For better or worse and we’re about to find out which Judge Rodney S. Melville knows the world is watching.
With Melville presiding, jury selection begins today in the Michael Jackson child-molestation case. Since being assigned the case early last year, the Santa Barbara County Superior Court judge has tightly controlled media access to pre-trial proceedings. As the trial begins, the parties, public and press wait to see whether Melville will loosen those controls.
Perhaps the most intriguing indication of Melville’s intent was his admonition to the lawyers in the case at the conclusion of the final pre-trial hearing. Noting that tempers were growing short and that personal attacks were becoming more tempting, Melville urged restraint.
“The world will be watching,” he said. “Not just Santa Maria, not just California, not just the U.S., but the world.”
Media advocates hope this warning signals Melville’s determination to show the world that a celebrity criminal trial can be conducted both fairly and consistently with the openness required by the First Amendment. Others, however, fear Melville will be more determined to show the world that he can prevent an O.J. Simpson-like spectacle and that he therefore will grip the secrecy reins of this case even more tightly.
Several of Melville’s rulings so far have suggested he will be more concerned with control than with openness. Almost immediately after being assigned the case, for example, Melville banned television cameras, cell phones, hand-held computers, laptops and other electronic devices from the courtroom.
He also imposed a gag order prohibiting lawyers, witnesses and others involved in the proceedings from speaking with reporters. The only communications that could occur with the media, Melville ruled, were through statements approved by him in advance. This gag order has remained in place despite evidence that Santa Barbara District Attorney Tom Sneddon notified many people that they might be called as witnesses solely to prevent them from being able to speak publicly about the case.
Melville also has sealed an unprecedented amount of information about the proceedings, including significant portions of the indictment setting forth the charges against Jackson. In separate rulings, Melville has sealed the entire grand jury transcript, about 40 search warrants, a defense motion to dismiss the charges, a defense motion to suppress evidence and 14,000 pages of evidence filed by the prosecution.
Even when he has released documents, Melville frequently has deleted material from them. The most extreme example of Melville’s censorship occurred when he blacked out the words “obscenity,” “pornographic” and “sexual conduct” from U.S. Supreme Court holdings cited by Jackson’s lawyers in a motion to prevent prosecutors from using those words to describe materials seized from Jackson’s Neverland ranch. Melville’s deletions, Loyola University law professor Laurie Levenson told the Associated Press, were “absurd” and “absolutely unprecedented.”
At about the same time he was taking his magic marker to landmark U.S. Supreme Court decisions, however, Melville was offering glimmers of hope that he might loosen his restrictions on press access after the jury is selected.
In one significant ruling, Melville said Jackson’s accuser must testify in open court, rather than in as prosecutors had urged a closed courtroom accessible to the media only through an audio hookup.

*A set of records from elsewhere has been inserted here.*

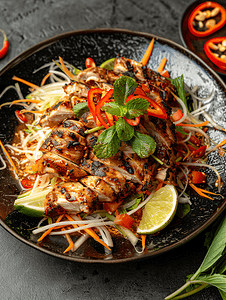 木瓜沙拉是泰国流行的食物配上上面的烤鸡照片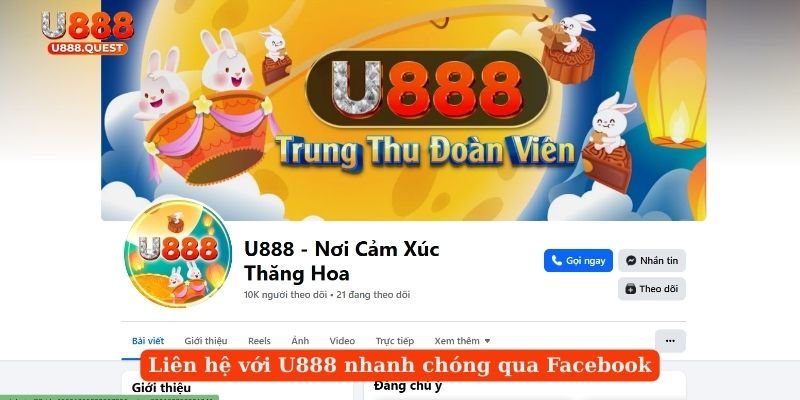 Liên hệ với U888 nhanh chóng qua Facebook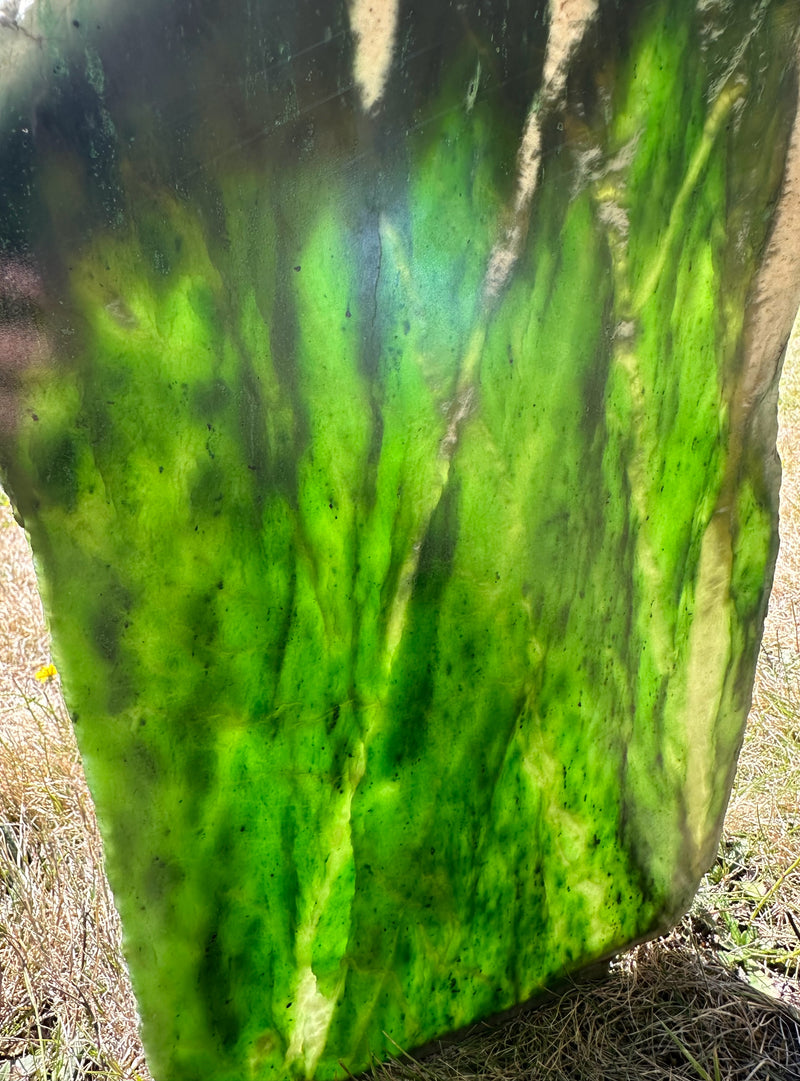Polished Polar Jade Slab 16" - True Canadian Polar Jade 4lbs 12oz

Melville also announced last week that he would release the full indictment and grand jury transcripts after the jury is sworn. Because all of Melville’s secrecy rulings to date have been based on the possible prejudice to the jury pool, logic suggests Melville may tip the scales back toward openness once the jury is seated.
Even if Jackson’s trial is conducted more openly than its pre-trial proceedings, however, the damage done to the First Amendment remains.
Though the need to protect the integrity of the jury pool often is cited as a reason to restrict reporting in high-profile cases, little evidence exists that such restrictions are necessary or effective. Especially in Jackson’s case, in which allegations regarding the singer’s inappropriate conduct with children already have been widely and intensely reported, the gag order and sealing of court documents seem more about control than they do about justice.
Moreover, the fact that the California appellate courts so far have delayed reviewing any of Melville’s rulings undoubtedly emboldens trial judges across California if not the nation who are considering restricting media access to their courtrooms.
As always, the ultimate loser when access is denied to the judicial system is the public. When the public is deprived of the best sources of timely and truthful information, it loses its ability to understand and scrutinize how well the court system is delivering on its promise of impartial justice.
Moreover, continued acceptance of the notion that parts of criminal proceedings should be closed turns on its head the First Amendment’s presumption that courts are places in which the public’s business is conducted openly.
The members of the media who in April asked the California Supreme Court to overturn Melville’s gag order cited another reason for preserving that openness. “When the eyes of the world are watching the courthouse,” wrote their attorney, Theodore Boutrous Jr., “that is the time for more speech about the criminal justice system, not less.”
Everyone, it appears, agrees the world is watching. The question now is what kind of criminal-justice system it will see.